Les ordres ont le mandat d’établir si un professionnel formé à l’étranger a les compétences nécessaires pour exercer sa profession au Québec, ce qui n’est pas chose simple. S’il y a des écarts à combler, on prescrit au candidat un examen, une formation ou des stages. Et c’est là que les choses se compliquent, car il faut, d’une part, que le système d’éducation collégiale et universitaire puisse accueillir ces candidats et leur offrir le parcours prescrit, et d’autre part, que les employeurs acceptent et soient capables d’encadrer les stages et de valider l’acquisition des connaissances requises. Donc, à qui la faute? Personne. Tout le monde.

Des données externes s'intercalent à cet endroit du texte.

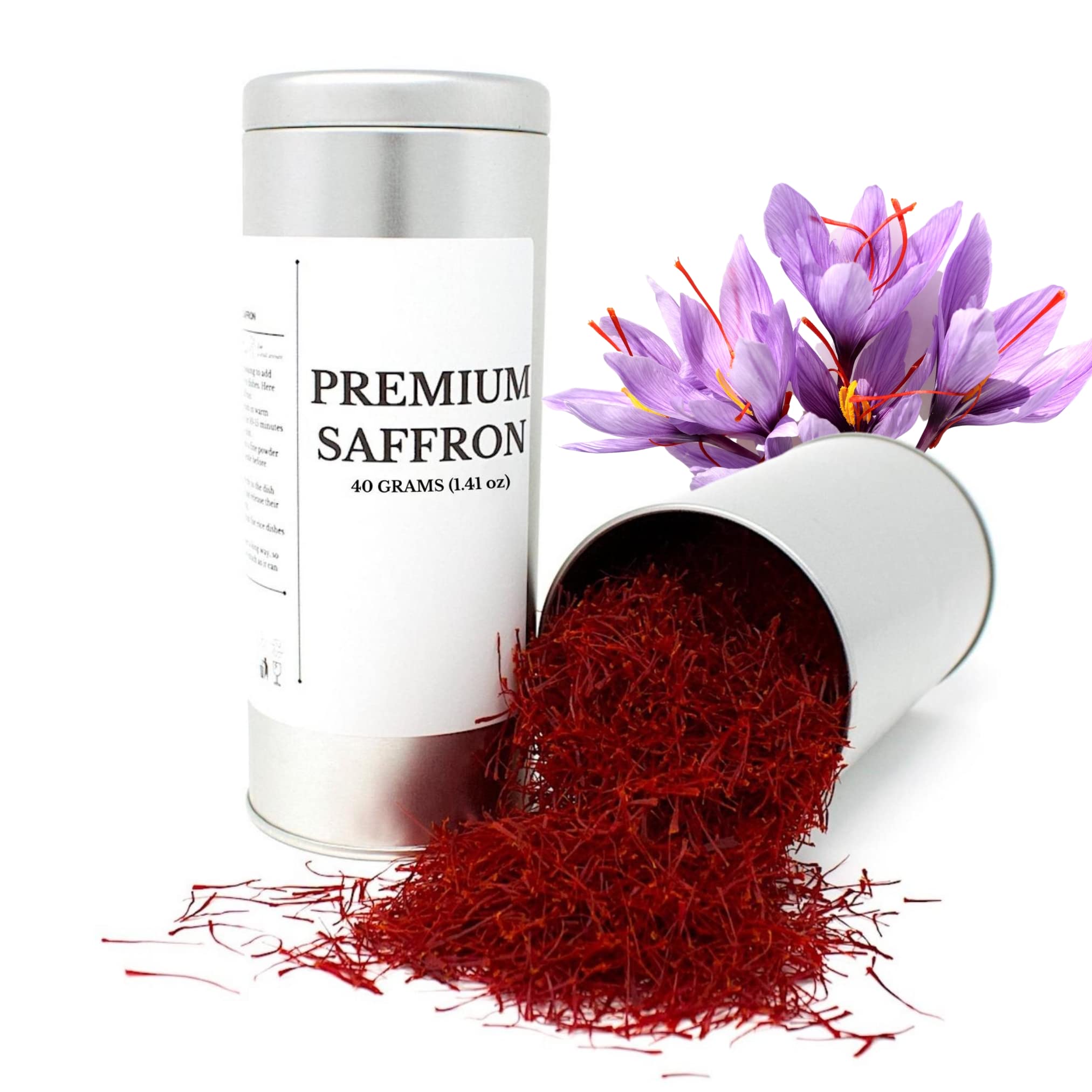 40 GRAMS Premium Quality Saffron Threads for Culinary Use -Fresh and Natural Saffron Spice - Elevate Your Dishes with the Finest Saffron in World - Grade A+ Super Negin, Superior Saffron, Saffron for Milk, Saffron For Tea, Saffron For Paella, Saffron for Risotto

Heureusement, depuis peu, tous les ministères sont mobilisés sur la question. Les tables de concertation et les consultations se multiplient. On injecte des sous nouveaux. De ces échanges et de cette volonté politique, nous espérons des résultats. Mais en l’absence d’un leadership fort, d’une imputabilité claire et des objectifs mesurables, il y a fort à parier que nous avancerons peu, ou trop lentement.

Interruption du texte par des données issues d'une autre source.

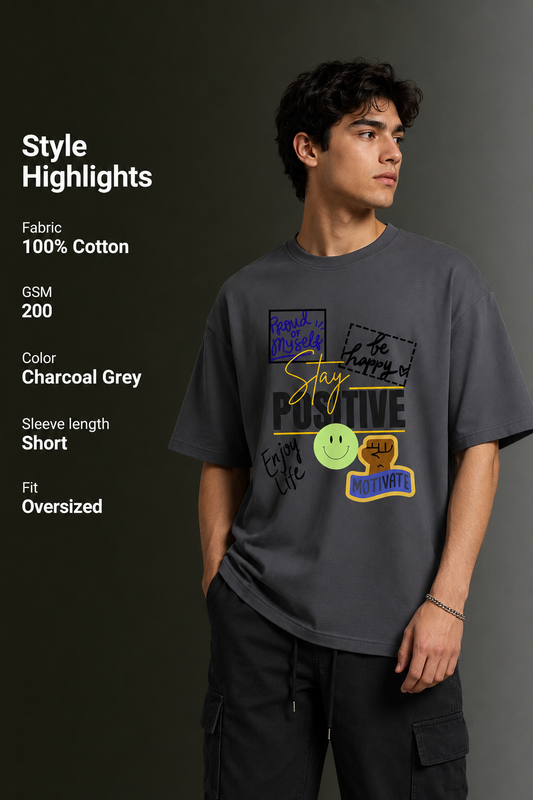 Men's Drop Shoulder Front Printed T-Shirt | Graphic Tee | OUTPUFF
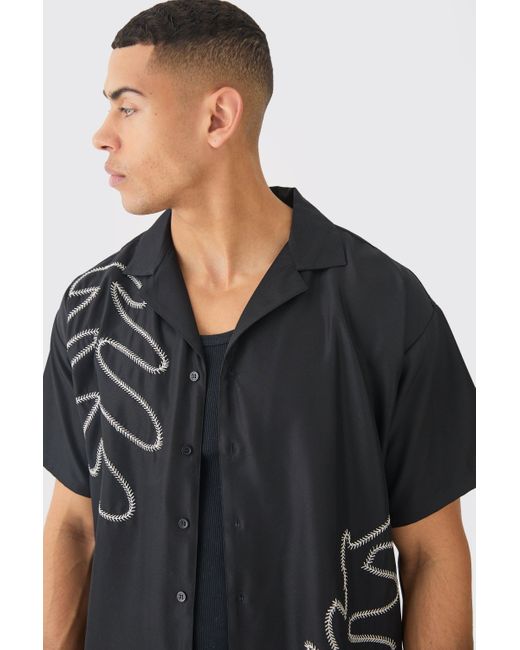 BoohooMAN Boxy Soft Twill Cartoon Leaf Embroidered Shirt in Gray für Herren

Dans ce débat, une évidence demeure : une partie des changements passeront par nous, CRHA et CRIA. Nous sommes en mesure d’établir des processus de dotation justes, qui écartent la discrimination. Nous avons les compétences et des moyens concrets pour faciliter la diversité et l’inclusion dans les milieux de travail. Et c’est sur ce volet que je vous interpelle, afin de réduire l’écart entre le taux d’emploi des professionnels et autres travailleurs issus de l’immigration et celui des personnes formées au Québec. Il nous appartient d’influencer les pratiques et de convaincre les gestionnaires et autres responsables de l’embauche que le premier emploi qualifié au Québec pour un immigrant peut bel et bien être au sein de notre organisation. Que oui, il faut investir temps et énergie, car ce n’est pas parce qu’on parle la même langue ou qu’on a réussi à la maîtriser que les différences culturelles s’estompent ; qu’il faut faire connaître ces différences, les expliquer, les démystifier, plutôt que prétendre qu’elles n’existent pas.
Agissons là où nous avons un réel pouvoir de faire la différence.